* **Dataset entries**
════
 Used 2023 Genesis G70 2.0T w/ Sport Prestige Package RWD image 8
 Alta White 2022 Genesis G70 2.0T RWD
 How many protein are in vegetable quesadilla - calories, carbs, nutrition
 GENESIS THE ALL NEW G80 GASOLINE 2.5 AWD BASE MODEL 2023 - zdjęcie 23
════
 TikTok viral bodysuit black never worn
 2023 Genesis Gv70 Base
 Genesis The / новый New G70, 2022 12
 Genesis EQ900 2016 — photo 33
════
* **Required work**
Could you set down, exactly as written, the lines above between the one holding "Genesis The / новый New G70, 2022 12" and the one holding "Genesis EQ900 2016 — photo 33", inclusive, and nothing more?

* **Problem solution**
 Genesis The / новый New G70, 2022 12
 Genesis EQ900 2016 — photo 33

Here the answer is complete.